== Exercise instructions ==
Reproduce this listing from its first line through the line with "SheaMoisture Men After", inclusive, leaving out all that follows.

== Exercise data ==
=== Section Start ===

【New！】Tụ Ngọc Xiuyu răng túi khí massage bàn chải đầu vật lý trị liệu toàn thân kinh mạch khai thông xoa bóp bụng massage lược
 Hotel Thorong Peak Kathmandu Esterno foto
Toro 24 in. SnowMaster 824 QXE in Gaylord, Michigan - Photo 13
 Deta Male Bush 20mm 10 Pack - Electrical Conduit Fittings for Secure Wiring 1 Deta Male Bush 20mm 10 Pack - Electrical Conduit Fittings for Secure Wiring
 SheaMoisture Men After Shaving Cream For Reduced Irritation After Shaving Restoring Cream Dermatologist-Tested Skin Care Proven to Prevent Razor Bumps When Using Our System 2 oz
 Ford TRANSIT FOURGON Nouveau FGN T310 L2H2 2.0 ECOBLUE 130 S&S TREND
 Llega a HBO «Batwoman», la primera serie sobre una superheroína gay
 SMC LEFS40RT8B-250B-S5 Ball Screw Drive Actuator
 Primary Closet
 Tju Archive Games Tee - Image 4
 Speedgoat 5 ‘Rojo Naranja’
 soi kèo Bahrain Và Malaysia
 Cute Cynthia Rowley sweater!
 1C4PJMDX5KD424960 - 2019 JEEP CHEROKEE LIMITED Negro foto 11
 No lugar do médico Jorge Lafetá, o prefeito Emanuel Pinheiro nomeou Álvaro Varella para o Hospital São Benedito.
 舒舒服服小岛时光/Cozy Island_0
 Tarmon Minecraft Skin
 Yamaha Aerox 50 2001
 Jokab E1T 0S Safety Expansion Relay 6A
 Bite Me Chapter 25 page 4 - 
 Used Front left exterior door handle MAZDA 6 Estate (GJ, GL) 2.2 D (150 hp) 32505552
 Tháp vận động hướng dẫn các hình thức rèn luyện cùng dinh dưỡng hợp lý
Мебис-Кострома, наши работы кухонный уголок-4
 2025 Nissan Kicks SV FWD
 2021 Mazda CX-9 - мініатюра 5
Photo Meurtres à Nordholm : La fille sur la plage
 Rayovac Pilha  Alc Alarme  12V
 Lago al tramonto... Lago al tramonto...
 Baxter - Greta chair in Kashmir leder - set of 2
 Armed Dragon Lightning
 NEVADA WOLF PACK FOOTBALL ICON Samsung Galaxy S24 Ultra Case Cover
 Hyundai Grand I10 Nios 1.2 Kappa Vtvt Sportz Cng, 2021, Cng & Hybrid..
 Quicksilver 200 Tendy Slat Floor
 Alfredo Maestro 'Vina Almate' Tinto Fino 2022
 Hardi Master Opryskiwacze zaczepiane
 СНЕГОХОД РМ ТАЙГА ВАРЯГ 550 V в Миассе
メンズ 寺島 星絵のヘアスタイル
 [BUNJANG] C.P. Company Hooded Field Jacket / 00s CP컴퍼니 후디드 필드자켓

=== Section End ===

== Solution to this task ==
【New！】Tụ Ngọc Xiuyu răng túi khí massage bàn chải đầu vật lý trị liệu toàn thân kinh mạch khai thông xoa bóp bụng massage lược
 Hotel Thorong Peak Kathmandu Esterno foto
Toro 24 in. SnowMaster 824 QXE in Gaylord, Michigan - Photo 13
 Deta Male Bush 20mm 10 Pack - Electrical Conduit Fittings for Secure Wiring 1 Deta Male Bush 20mm 10 Pack - Electrical Conduit Fittings for Secure Wiring
 SheaMoisture Men After Shaving Cream For Reduced Irritation After Shaving Restoring Cream Dermatologist-Tested Skin Care Proven to Prevent Razor Bumps When Using Our System 2 oz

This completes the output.